Advances in Ultra-High Performance Concretes and Cementitious Composites

by
Jialiang Wang
1,* and
Baoguo Han
2,*
1
Department of Civil and Architectural Engineering, Aarhus University, 8000C Aarhus, Denmark
2
School of Civil Engineering, Dalian University of Technology, Dalian 116024, China
*
Authors to whom correspondence should be addressed.
Materials 2026, 19(8), 1543; https://doi.org/10.3390/ma19081543
Submission received: 7 April 2026 / Accepted: 8 April 2026 / Published: 13 April 2026
(This article belongs to the Special Issue Advances in Ultra-High Performance Concretes and Cementitious Composites)
Versions Notes

1. Introduction

Ultra-high-performance concretes (UHPCs) and advanced cementitious composites have emerged as a key class of materials for next-generation infrastructure [1] due to their superior mechanical performance, enhanced durability, and increasing potential for sustainability [2,3,4,5,6]. However, due to the demands of modern construction, which include a longer service life, higher resilience, reduced maintenance, and lower environmental impact [7,8,9], the development of high-performance cement-based materials has shifted from purely strength-driven optimization toward a more integrated consideration of durability, functionality, environmental friendliness, and energy and resource efficiency [10,11,12,13,14,15,16,17,18,19].
To support such developments, we launched the Special Issue “Advances in Ultra-High-Performance Concretes and Cementitious Composites,” which provides a platform for recent advances in material design, durability, sustainability, structural applications, and modeling approaches.

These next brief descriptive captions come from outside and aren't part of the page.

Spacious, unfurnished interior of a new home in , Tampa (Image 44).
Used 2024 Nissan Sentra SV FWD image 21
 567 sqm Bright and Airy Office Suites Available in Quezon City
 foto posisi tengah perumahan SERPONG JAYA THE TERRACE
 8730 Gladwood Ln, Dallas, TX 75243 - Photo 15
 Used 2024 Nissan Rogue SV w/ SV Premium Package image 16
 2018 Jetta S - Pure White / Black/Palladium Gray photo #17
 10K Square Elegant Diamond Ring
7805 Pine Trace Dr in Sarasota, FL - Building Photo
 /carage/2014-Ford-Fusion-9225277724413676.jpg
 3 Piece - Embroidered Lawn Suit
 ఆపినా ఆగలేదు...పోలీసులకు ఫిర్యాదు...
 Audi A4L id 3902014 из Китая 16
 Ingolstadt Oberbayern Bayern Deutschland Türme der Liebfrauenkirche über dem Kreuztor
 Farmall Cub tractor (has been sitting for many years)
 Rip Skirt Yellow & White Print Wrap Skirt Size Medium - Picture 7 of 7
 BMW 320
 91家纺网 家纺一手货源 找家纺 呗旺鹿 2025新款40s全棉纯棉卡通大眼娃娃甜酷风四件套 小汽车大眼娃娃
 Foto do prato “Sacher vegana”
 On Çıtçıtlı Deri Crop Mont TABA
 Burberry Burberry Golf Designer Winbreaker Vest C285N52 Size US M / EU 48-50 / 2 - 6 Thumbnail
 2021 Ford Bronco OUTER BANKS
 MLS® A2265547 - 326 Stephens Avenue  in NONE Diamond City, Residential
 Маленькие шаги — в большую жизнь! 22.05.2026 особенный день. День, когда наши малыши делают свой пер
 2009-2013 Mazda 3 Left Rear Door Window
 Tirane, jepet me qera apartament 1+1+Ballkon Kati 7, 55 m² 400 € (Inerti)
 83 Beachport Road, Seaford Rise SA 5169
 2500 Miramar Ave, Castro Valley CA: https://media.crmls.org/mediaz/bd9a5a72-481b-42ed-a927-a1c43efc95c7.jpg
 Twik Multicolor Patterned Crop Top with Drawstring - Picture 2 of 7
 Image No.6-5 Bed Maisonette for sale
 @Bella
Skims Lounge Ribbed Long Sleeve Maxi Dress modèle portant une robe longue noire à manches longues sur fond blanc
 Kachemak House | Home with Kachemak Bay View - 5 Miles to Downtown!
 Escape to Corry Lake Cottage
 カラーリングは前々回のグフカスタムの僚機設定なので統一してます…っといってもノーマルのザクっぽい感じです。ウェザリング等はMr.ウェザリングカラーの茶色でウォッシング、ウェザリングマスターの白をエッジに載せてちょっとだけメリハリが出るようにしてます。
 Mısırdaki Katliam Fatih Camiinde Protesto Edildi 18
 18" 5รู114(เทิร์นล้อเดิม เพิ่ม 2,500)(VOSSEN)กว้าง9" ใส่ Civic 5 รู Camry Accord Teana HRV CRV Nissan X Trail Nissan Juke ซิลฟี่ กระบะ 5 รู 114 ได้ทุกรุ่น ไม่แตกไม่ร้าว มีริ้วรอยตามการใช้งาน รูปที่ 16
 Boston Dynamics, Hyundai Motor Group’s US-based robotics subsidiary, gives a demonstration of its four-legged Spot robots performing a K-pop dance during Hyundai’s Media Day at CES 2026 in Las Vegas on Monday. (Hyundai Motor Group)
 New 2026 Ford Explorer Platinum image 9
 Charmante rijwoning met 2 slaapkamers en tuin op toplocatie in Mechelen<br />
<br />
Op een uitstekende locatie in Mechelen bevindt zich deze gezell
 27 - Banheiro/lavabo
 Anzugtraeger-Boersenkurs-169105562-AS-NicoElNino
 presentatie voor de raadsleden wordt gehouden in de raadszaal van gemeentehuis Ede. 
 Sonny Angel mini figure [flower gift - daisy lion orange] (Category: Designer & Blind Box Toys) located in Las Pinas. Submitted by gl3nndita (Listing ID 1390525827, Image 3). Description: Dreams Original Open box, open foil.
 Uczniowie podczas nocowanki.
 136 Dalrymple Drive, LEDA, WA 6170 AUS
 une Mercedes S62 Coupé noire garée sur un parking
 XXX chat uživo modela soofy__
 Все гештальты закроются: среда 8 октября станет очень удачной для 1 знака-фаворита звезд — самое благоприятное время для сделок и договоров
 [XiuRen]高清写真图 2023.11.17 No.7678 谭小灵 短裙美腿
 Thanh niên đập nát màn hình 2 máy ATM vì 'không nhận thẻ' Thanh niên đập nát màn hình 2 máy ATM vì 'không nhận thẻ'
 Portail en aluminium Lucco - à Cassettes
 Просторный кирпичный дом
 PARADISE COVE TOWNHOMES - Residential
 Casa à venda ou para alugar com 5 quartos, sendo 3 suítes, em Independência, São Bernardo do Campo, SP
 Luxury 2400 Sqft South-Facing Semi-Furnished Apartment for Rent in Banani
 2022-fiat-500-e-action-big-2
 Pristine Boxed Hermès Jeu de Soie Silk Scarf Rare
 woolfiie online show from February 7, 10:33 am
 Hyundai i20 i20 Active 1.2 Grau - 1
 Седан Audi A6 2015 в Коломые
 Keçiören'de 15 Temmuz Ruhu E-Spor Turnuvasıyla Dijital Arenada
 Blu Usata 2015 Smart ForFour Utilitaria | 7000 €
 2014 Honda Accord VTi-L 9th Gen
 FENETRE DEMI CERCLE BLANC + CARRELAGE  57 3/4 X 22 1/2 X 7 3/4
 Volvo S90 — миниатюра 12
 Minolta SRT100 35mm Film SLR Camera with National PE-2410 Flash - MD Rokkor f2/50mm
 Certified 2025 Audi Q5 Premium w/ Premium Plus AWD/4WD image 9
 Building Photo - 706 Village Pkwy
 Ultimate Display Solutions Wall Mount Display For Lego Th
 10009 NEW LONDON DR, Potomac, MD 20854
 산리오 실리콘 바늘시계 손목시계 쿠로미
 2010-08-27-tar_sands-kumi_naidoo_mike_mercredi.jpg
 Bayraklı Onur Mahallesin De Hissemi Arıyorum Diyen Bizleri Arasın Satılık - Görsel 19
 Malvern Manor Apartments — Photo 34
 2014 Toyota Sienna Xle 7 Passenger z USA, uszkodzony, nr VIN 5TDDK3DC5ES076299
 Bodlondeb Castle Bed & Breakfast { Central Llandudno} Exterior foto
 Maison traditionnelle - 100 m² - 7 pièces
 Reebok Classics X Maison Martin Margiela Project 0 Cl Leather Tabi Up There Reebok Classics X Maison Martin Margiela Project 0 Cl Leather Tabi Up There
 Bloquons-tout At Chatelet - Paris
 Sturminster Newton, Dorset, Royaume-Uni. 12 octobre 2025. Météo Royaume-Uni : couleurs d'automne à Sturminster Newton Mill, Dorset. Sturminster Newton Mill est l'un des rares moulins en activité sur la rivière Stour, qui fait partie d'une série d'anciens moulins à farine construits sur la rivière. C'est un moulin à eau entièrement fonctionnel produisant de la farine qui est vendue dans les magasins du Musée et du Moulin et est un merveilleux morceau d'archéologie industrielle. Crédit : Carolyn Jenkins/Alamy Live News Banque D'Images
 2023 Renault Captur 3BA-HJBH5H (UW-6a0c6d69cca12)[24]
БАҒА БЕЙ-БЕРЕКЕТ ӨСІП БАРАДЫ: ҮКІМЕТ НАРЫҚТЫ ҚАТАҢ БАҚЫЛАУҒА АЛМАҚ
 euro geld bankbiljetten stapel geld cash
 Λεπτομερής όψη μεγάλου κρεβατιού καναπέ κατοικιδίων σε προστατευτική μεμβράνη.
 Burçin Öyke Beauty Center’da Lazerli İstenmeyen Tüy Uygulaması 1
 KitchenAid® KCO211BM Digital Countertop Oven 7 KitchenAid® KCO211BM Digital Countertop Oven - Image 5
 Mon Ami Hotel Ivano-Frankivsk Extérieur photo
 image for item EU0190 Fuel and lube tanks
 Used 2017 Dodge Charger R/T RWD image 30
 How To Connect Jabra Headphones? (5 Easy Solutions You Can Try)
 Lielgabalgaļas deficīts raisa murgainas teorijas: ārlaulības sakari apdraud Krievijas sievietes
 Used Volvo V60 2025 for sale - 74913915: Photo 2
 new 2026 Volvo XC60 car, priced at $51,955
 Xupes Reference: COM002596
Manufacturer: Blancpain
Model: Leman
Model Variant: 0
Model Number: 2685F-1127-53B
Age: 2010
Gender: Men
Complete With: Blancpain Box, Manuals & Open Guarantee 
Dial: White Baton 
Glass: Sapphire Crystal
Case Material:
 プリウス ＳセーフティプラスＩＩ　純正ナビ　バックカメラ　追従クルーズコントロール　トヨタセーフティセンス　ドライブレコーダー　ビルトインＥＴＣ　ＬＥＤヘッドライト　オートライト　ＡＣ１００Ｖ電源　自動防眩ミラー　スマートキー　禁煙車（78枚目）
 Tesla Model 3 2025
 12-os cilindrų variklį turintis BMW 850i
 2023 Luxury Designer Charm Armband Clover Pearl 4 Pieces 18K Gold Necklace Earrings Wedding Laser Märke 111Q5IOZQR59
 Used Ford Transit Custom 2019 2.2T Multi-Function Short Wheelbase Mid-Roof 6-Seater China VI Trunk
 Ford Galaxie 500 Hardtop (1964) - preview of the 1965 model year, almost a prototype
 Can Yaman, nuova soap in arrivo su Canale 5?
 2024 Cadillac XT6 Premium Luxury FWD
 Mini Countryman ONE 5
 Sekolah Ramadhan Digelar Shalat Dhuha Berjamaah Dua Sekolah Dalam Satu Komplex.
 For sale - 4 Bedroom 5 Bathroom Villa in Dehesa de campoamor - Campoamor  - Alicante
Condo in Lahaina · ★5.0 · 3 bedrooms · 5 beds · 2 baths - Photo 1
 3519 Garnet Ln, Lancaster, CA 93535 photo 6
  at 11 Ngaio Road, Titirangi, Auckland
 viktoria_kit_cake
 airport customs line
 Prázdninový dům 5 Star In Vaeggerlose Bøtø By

The collected contributions reflect the multidisciplinary nature of this field, bridging materials science, structural engineering, and environmental performance evaluation.

2. Overview of Published Contributions

This Special Issue comprises six papers, including one review and five original research articles, covering a broad spectrum of topics from material innovation to structural applications.
Focusing on material innovation and sustainability, Liu et al. [20] investigated the incorporation of phosphogypsum into UHPC matrices, demonstrating its effectiveness in enhancing mechanical performance while reducing shrinkage and thus offering a promising pathway for industrial by-product utilization. In parallel, Yuan et al. [21] combined experimental and numerical approaches to study the mechanical behavior and damage evolution of cemented tailings backfill, contributing to sustainable material development and resource recycling.
In terms of durability and environmental performance, Qi et al. [22] examined the salt-frost resistance of high-performance concrete reinforced with polypropylene fibers, highlighting its applicability in harsh service environments such as cold and marine regions. Meanwhile, Chen et al. [23] investigated the influence of relative humidity on the creep behavior of cement paste, providing valuable insights into time-dependent deformation mechanisms under environmental coupling conditions.
Regarding structural applications, Fernández et al. [24] evaluated the use of thin high-performance fiber-reinforced concrete (HPFRC) jackets for strengthening axially loaded reinforced concrete columns, demonstrating the effectiveness of advanced cementitious materials in structural retrofitting and performance enhancement.
Finally, a comprehensive review by Ignatkhina and Moustafa [25] assessed the feasibility of UHPC for nuclear waste storage applications, focusing on durability, thermal behavior, and nuclear performance requirements. This work highlights the potential of UHPC in highly demanding and safety-critical infrastructure systems.
Overall, the contributions collectively cover key aspects outlined in the initial scope of the Special Issue, including material design, durability, sustainability, structural applications, and experimental–numerical analysis. However, topics such as advanced processing technologies and unified modeling frameworks remain relatively underrepresented, indicating potential directions for future research.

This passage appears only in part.